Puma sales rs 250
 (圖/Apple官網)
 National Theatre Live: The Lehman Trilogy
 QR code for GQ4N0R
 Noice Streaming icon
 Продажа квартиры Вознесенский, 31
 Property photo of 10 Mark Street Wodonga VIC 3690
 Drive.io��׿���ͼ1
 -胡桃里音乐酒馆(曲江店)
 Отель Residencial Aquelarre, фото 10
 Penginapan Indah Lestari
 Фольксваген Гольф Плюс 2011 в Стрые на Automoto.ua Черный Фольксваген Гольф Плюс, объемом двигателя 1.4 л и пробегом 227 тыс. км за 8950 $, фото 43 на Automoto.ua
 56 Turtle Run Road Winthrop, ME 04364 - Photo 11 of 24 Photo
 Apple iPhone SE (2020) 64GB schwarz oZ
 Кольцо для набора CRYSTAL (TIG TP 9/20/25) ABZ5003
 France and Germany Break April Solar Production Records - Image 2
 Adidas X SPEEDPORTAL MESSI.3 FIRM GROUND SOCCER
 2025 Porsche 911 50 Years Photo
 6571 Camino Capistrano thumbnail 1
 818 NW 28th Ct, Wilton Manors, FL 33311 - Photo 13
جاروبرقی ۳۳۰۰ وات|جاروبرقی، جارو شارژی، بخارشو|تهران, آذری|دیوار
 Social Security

Problem statement –
All lines from the one containing "6571 Camino Capistrano thumbnail 1" through the end of the listing above are to be restated word for word, and no others.

Task output –
 6571 Camino Capistrano thumbnail 1
 818 NW 28th Ct, Wilton Manors, FL 33311 - Photo 13
جاروبرقی ۳۳۰۰ وات|جاروبرقی، جارو شارژی، بخارشو|تهران, آذری|دیوار
 Social Security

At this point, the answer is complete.